David Golove, a New York University law professor who specializes in executive power issues, said the ruling has highlighted the “awkwardness” of the Obama administration’s ambivalent stance toward its predecessor’s surveillance program.
“They have a lot of discomfort with the legal arguments the Bush administration made, but they’ve tried to avoid having to acknowledge too publicly those differences or to air them in court,” he said.
“Where does this leave the Obama administration? That’s a good question,” wondered Rep. Rush Holt, a New Jersey Democrat who is the chairman of the House Select Intelligence Oversight Panel and a critic of the warrantless wiretapping program.
The administration does not yet have to make any decision about what to do about the case because the judge, Vaughn Walker, has not yet entered a final order. He has given the plaintiffs until April 16 to decide whether to drop other claims and to submit a proposal for damages the government owes them.
But if the ruling stands, the Obama administration will have to decide whether to appeal it — thereby trying to wipe the decision off the books.
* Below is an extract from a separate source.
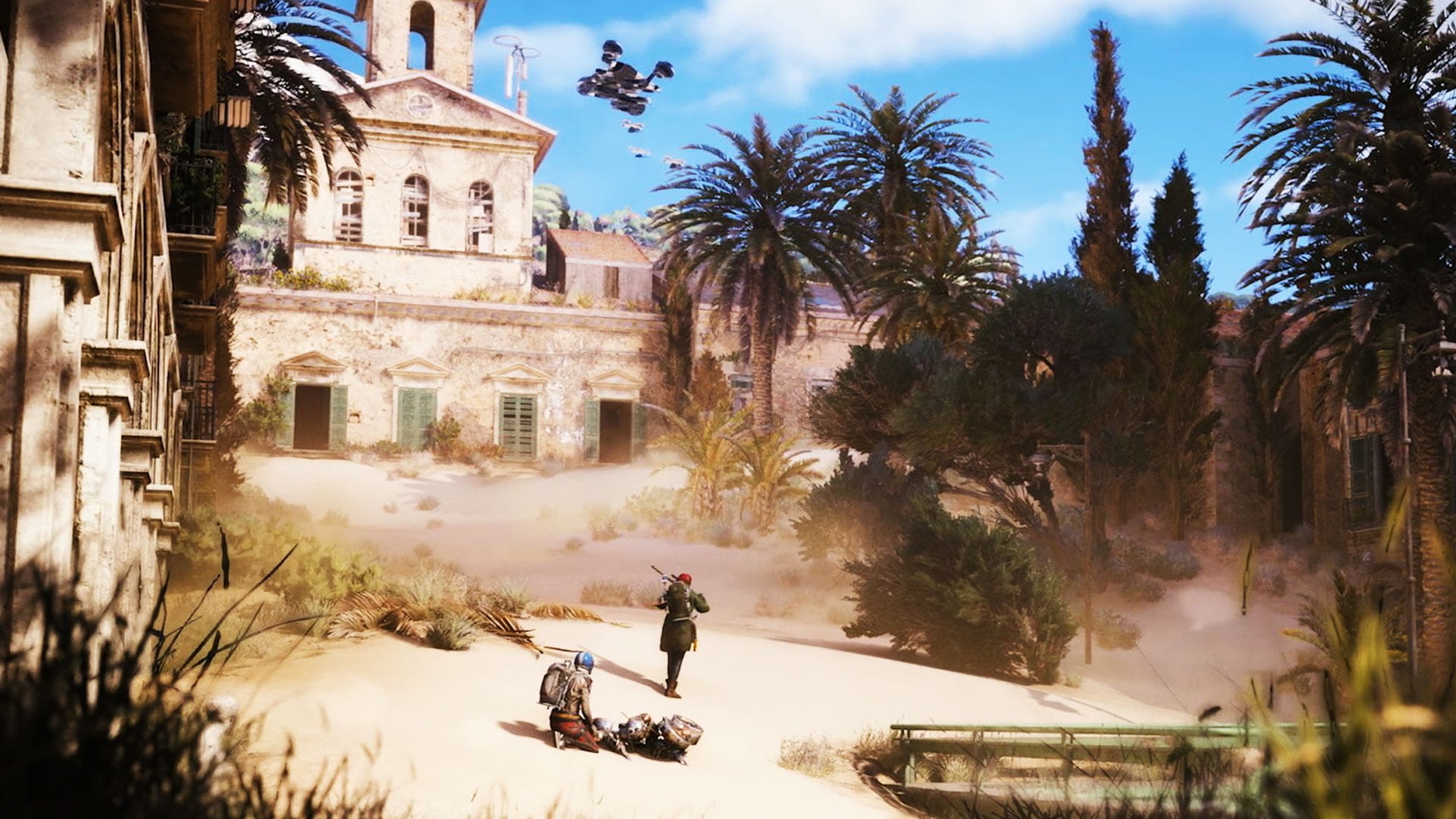 Raiders loot a fallen drone wall watching other drones in the sky.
Decisions about appeals are usually made by Solicitor General Elena Kagan, but current and former officials said the deliberations were virtually certain to reach Attorney General Eric Holder and the White House.
There are some reasons the administration might appeal, legal specialists said. Among them, it may not want Walker’s narrow interpretation of the state secrets privilege to stand because it might influence other cases, and appealing on those narrow grounds would allow the administration to still avoid engaging on whether the program was legal.